Source records:
|---|

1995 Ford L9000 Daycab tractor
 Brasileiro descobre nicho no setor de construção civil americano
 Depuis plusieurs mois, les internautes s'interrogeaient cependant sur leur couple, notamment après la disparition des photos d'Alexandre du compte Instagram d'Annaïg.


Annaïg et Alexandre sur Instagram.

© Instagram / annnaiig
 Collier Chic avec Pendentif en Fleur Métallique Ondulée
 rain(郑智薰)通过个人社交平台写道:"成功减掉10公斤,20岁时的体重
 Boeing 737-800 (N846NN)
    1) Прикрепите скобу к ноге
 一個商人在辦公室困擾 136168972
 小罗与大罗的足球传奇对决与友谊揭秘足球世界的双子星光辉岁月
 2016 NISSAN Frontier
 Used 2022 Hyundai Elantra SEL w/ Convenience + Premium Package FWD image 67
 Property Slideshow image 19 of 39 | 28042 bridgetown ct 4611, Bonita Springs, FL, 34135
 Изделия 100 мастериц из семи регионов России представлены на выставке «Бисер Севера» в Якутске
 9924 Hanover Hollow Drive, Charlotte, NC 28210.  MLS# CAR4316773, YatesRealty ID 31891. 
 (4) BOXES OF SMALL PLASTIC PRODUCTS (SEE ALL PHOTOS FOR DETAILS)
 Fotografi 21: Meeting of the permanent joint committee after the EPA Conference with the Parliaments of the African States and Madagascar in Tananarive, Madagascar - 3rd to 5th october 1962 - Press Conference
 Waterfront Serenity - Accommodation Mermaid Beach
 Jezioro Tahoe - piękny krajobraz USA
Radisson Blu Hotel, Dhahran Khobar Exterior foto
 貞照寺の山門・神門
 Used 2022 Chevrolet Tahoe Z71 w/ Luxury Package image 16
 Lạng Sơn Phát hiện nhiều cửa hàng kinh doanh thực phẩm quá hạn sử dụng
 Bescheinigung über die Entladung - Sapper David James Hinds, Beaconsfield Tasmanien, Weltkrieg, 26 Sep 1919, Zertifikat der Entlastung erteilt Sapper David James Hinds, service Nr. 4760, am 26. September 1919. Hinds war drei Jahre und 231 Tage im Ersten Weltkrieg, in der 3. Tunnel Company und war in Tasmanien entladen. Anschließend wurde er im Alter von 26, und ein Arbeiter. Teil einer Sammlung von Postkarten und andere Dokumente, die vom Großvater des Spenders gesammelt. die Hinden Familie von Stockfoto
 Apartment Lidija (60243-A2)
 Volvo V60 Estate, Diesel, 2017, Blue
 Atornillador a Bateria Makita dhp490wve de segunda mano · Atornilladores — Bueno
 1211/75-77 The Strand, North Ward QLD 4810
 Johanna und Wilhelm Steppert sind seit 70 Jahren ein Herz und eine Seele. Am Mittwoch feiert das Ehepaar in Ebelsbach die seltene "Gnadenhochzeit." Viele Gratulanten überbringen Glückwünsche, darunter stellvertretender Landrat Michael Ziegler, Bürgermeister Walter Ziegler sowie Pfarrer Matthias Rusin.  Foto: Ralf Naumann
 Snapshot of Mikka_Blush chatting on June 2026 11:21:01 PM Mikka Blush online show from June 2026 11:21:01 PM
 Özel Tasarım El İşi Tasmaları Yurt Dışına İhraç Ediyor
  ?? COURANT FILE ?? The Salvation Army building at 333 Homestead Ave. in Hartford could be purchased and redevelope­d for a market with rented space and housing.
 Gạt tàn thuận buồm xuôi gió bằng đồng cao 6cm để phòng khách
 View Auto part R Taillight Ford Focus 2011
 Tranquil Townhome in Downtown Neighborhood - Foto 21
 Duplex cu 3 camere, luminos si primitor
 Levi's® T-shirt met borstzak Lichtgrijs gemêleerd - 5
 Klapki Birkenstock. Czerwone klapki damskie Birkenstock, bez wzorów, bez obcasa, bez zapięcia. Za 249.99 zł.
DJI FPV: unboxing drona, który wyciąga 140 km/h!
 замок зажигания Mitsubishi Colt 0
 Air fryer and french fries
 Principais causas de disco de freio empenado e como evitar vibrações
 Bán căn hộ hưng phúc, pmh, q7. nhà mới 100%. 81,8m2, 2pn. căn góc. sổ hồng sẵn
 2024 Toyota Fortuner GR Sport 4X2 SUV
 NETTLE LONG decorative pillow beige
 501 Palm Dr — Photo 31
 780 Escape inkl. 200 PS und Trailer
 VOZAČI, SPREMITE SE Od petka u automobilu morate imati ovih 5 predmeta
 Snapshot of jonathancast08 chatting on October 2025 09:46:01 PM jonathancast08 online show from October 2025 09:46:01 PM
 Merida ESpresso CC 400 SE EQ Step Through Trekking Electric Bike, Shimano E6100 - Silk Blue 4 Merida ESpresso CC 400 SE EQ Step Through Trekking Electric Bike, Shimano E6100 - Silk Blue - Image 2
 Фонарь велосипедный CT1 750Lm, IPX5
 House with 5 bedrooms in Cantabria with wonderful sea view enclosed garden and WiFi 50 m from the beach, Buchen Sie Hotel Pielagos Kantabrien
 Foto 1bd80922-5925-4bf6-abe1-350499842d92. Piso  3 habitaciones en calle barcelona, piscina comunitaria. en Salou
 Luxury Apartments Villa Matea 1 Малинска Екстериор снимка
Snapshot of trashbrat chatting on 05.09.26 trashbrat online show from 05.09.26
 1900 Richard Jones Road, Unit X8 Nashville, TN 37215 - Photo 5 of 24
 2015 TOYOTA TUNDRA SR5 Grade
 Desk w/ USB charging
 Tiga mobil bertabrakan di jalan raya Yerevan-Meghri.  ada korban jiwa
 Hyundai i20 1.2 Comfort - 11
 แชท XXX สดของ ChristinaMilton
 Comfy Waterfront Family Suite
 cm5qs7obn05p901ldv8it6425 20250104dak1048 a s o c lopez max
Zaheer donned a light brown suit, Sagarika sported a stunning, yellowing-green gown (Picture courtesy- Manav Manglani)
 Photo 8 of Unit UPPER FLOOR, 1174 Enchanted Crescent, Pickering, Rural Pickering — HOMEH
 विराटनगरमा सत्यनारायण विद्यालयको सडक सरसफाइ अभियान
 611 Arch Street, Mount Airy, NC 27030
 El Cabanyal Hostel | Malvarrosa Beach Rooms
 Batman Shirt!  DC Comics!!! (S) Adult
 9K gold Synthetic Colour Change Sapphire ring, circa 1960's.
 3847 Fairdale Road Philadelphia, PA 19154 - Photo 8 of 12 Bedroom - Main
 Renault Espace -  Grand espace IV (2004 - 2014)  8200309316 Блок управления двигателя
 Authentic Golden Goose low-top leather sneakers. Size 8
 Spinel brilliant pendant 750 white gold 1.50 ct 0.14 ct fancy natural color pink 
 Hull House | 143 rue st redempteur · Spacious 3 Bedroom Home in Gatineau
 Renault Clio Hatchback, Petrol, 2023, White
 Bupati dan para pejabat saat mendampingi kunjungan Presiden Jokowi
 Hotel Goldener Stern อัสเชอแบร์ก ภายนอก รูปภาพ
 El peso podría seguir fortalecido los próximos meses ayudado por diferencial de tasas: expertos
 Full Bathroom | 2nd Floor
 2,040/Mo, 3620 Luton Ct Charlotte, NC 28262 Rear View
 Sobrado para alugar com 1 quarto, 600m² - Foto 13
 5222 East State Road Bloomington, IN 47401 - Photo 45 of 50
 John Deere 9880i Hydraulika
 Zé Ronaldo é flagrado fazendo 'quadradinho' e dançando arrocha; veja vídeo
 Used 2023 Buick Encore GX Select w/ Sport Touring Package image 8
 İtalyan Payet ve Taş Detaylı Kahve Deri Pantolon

|---|

→ Exercise prompt
Please reproduce the lines from the line with "Bupati dan para" to the line with "John Deere 9880i Hydraulika", both ends included, exactly as they appear above.

→ Response to the exercise
 Bupati dan para pejabat saat mendampingi kunjungan Presiden Jokowi
 Hotel Goldener Stern อัสเชอแบร์ก ภายนอก รูปภาพ
 El peso podría seguir fortalecido los próximos meses ayudado por diferencial de tasas: expertos
 Full Bathroom | 2nd Floor
 2,040/Mo, 3620 Luton Ct Charlotte, NC 28262 Rear View
 Sobrado para alugar com 1 quarto, 600m² - Foto 13
 5222 East State Road Bloomington, IN 47401 - Photo 45 of 50
 John Deere 9880i Hydraulika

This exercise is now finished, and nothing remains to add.